**GOAL OF THE EXERCISE:**
Give again, exactly as written, each line of the material below starting at the line that contains "Chemise boutonnée rayée blanche bleue" and ending at the line that contains "FORTUNER 2.4 VRZ". Both ends count, and no other line does.

[Start of Attachment]

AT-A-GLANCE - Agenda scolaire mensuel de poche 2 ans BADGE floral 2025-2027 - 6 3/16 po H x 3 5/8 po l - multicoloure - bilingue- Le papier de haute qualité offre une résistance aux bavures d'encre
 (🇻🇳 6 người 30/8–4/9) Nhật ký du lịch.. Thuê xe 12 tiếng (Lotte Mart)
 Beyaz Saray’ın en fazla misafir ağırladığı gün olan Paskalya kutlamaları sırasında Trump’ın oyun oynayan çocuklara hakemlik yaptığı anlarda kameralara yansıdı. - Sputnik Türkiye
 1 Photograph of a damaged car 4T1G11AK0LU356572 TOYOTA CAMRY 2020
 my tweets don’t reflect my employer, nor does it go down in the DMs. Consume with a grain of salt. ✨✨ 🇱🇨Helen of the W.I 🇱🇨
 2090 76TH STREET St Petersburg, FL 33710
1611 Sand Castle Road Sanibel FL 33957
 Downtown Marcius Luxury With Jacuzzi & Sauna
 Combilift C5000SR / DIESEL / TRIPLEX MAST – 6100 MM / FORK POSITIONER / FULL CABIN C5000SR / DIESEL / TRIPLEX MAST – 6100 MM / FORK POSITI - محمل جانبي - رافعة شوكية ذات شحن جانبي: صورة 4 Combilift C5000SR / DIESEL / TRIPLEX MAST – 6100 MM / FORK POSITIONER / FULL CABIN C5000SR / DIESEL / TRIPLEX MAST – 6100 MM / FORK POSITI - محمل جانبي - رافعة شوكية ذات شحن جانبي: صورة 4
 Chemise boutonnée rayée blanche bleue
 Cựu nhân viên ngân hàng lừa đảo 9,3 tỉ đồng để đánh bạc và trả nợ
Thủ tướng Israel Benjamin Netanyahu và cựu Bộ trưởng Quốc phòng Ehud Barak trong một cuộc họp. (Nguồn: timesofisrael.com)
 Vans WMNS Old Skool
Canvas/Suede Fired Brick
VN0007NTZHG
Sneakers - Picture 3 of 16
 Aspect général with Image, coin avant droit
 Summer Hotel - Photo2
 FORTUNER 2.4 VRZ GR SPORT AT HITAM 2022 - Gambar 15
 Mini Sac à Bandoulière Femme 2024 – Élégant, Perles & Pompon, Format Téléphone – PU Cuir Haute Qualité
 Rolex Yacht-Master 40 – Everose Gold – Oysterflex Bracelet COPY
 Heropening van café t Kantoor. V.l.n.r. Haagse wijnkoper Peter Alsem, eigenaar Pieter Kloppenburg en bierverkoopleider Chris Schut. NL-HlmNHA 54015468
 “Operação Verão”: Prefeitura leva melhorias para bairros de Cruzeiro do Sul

[End of Attachment]

**EXERCISE SOLUTION:**
 Chemise boutonnée rayée blanche bleue
 Cựu nhân viên ngân hàng lừa đảo 9,3 tỉ đồng để đánh bạc và trả nợ
Thủ tướng Israel Benjamin Netanyahu và cựu Bộ trưởng Quốc phòng Ehud Barak trong một cuộc họp. (Nguồn: timesofisrael.com)
 Vans WMNS Old Skool
Canvas/Suede Fired Brick
VN0007NTZHG
Sneakers - Picture 3 of 16
 Aspect général with Image, coin avant droit
 Summer Hotel - Photo2
 FORTUNER 2.4 VRZ GR SPORT AT HITAM 2022 - Gambar 15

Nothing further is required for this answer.